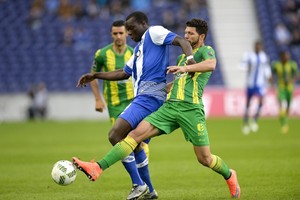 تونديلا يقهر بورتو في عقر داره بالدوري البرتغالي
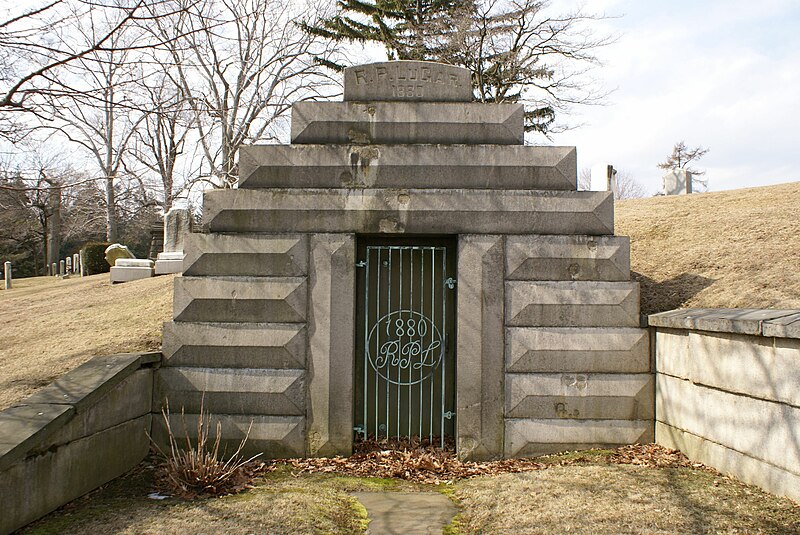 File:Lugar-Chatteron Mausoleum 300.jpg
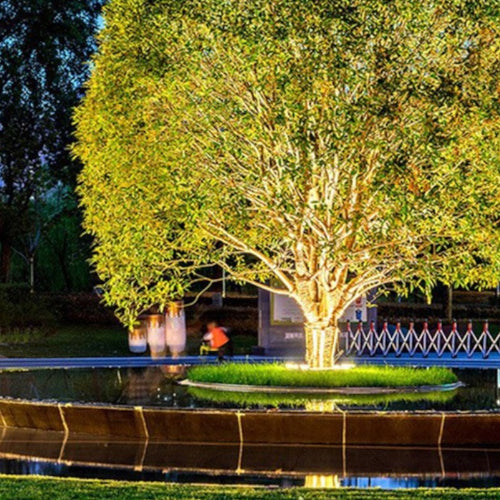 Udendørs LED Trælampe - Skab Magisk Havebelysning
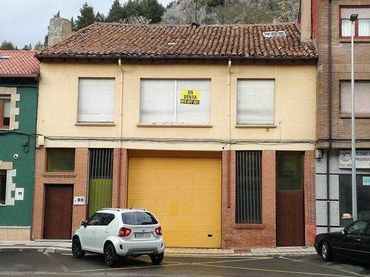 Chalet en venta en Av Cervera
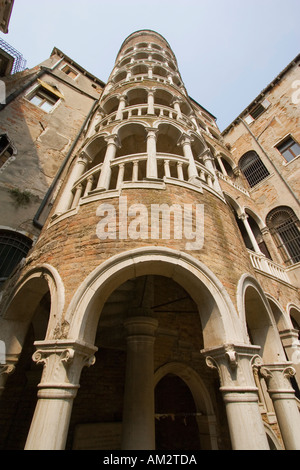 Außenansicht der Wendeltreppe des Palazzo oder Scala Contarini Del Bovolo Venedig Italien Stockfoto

...

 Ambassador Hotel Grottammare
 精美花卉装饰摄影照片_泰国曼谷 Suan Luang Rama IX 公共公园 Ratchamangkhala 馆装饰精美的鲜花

[Work required] Within these entries, output exactly the lines starting at the one with "Chalet en venta en Av Cervera" and finishing at the one with "Außenansicht der Wendeltreppe". Leave pictures out of the output.

[Task solution]
 Chalet en venta en Av Cervera
 Außenansicht der Wendeltreppe des Palazzo oder Scala Contarini Del Bovolo Venedig Italien Stockfoto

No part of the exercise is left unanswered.